Our work, modular New York style buildings were done for a client, who was developing a VR-based project - Private Eye VR. The task was to create a building set for a 1930's themed New York. In the game, the buildings would be seen from outside of the window, as the player was located inside all the time. A set of buildings was needed to fulfill the view. For this, the modular was the best approach for the design. There are many challenges to making buildings in 3D, so the first step was to study references for downtown New York buildings. After this, we can identify the distinctive blocks that make up the architecture and plan out the parts that will be needed.

The workflow

 There are two types of parts here: baked parts with the unique mesh and tiled material parts. Baked parts would be re-used for all of the buildings, these parts that have a lot of unique details, that cannot be tiled, like doors, windows or concrete decorations and require high-poly to low-poly bake workflow (in this case Substance Painter work) 

When splitting the building into vertical slices, you can see the mesh pieces needed to construct the building, in this case, there are 6 parts for the front facade. We place the baked pieces into the modular tile-able wall and arrange them to make a believable design.

Now it's a good idea to use the array tool in the 3D package (we are using Blender 3D) to copy the parts in a horizontal direction, to see the design come together. When creating modular buildings like these, it is possible to create many different looking variations from the same parts in a short amount of time. Changing the materials for walls, or simple changes, like different window shapes, go a long way in keeping things looking non-repetitive.

After this part, all that's left to do is to make the other walls on the sides and back. Additional props were added to break up the monotony, like fire-escape stairs, neon signs flag, and so on.


For the presentation, we are using the Marmoset 3D renderer. In this software, it's possible to create high-quality screenshots and videos using real-time workflow, meaning that we don't have to change textures or meshes for the render. There are also some nice visual effects, like real-time global illumination and area lights that would be more time-consuming to replicate in Unity or Unreal

Some additional street props were placed in the scene to make it feel as this was a part of the city, not just stand-alone building.

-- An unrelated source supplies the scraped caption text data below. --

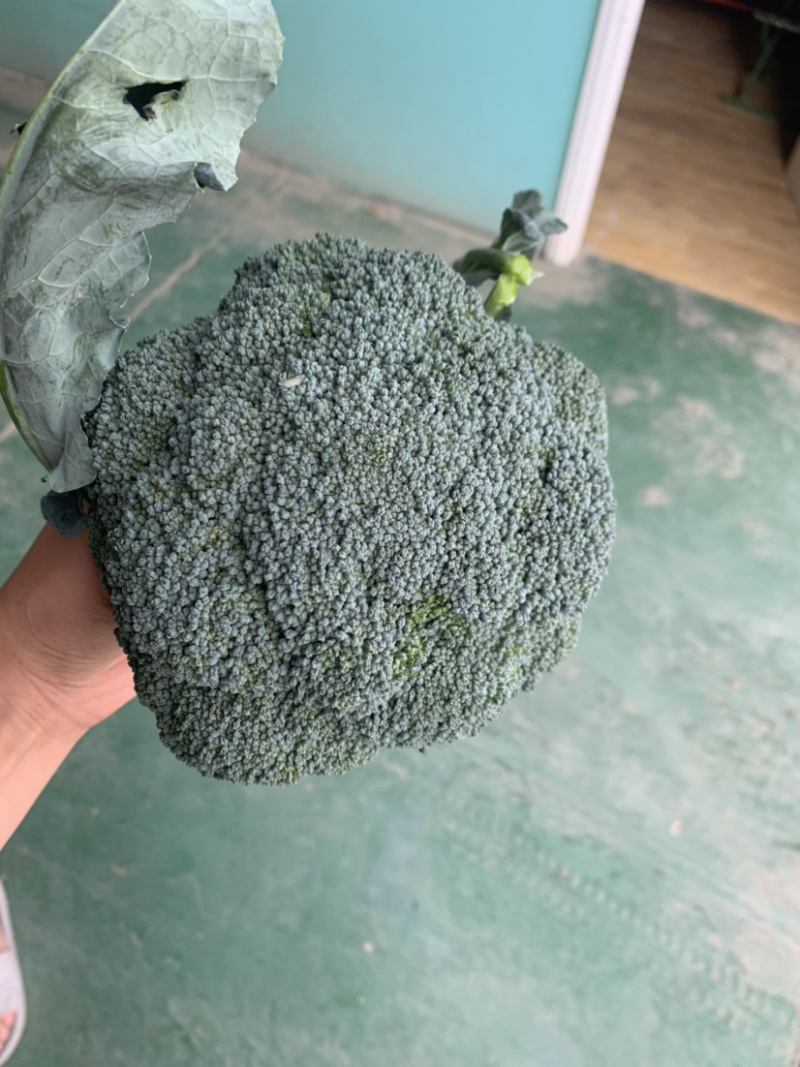 精品西兰花🥦大量上市，欢迎各位老板前来选购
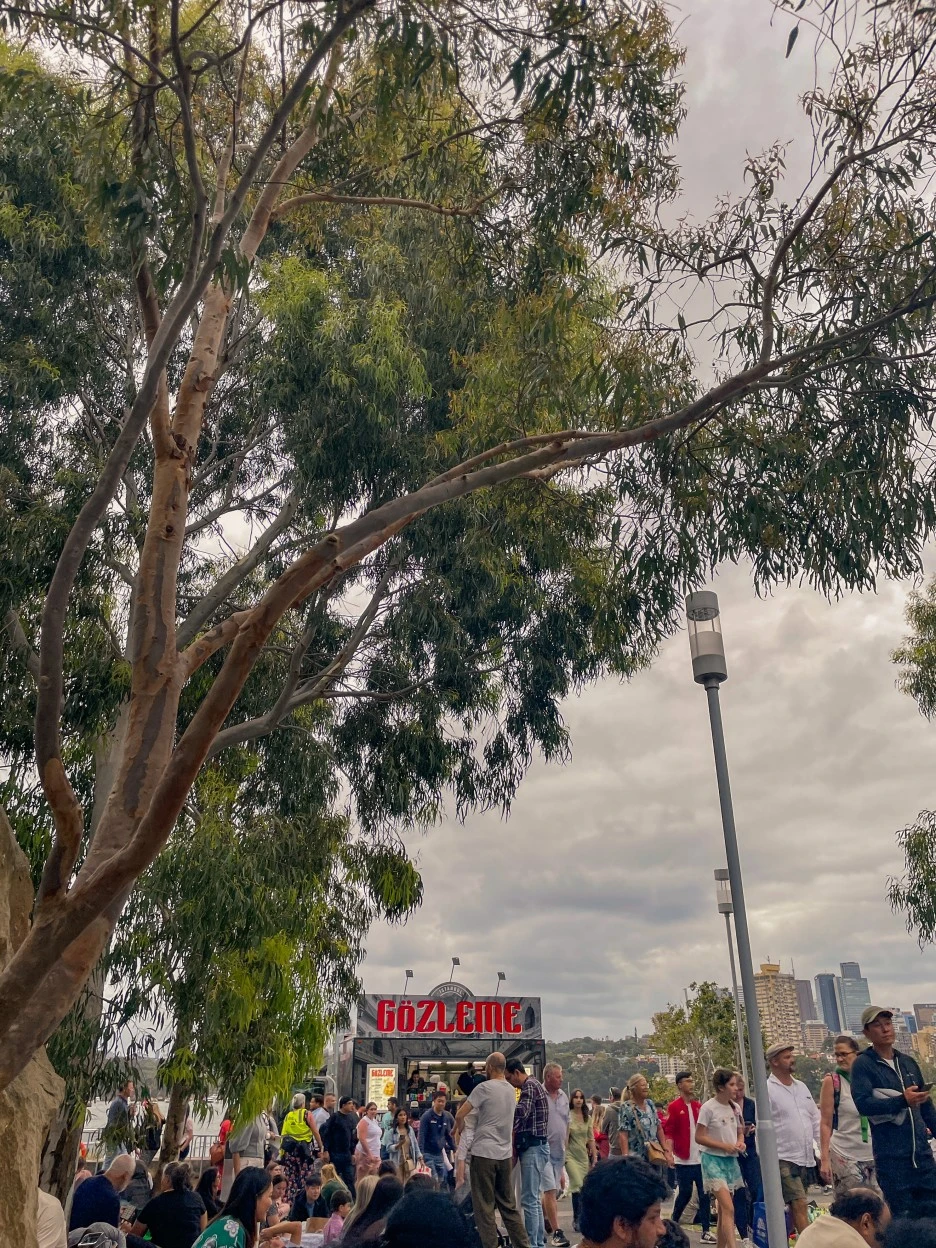 IMG_5284.jpg?type=w1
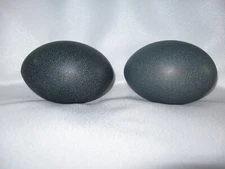 Emu egg shells , empty, cured, collection or crafts  Beautiful Emerald green 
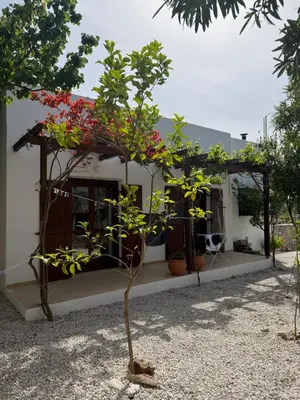 a small tree in front of a house at Villa Europa Ravdoucha Private Pool and Amazing View in Ravdhoúkha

Lighting played a big role in this presentation. There's a single directional light in the scene, meant to replicate moonlight; this gives some focus to the front facade and helps showcase the details in the architecture. Additionally, there are a couple of smaller, local lights - spotlights for the streetlights and some point lights for the neon lighting. Volumetric fog gives some softness and a ‘rainy’, overcast look. The lighting setup for both renders is similar, but the second one is a little darker and some emissive lights for the windows were added - this was done to mix up the feel of the scene.


 Good advice for making such buildings would be to study reference and carefully plan out the baked mesh needed parts before starting to model the building itself. This is somewhat difficult because you have to model things without seeing the full picture/finished building, but it saves a lot of time later on.

It's also important to avoid repetition in the building floor patterns by adding some decorations, and changing up the shapes, a little bit. 

Another good idea is to use tri-planar mapping for tileable materials, to avoid visible texture seams.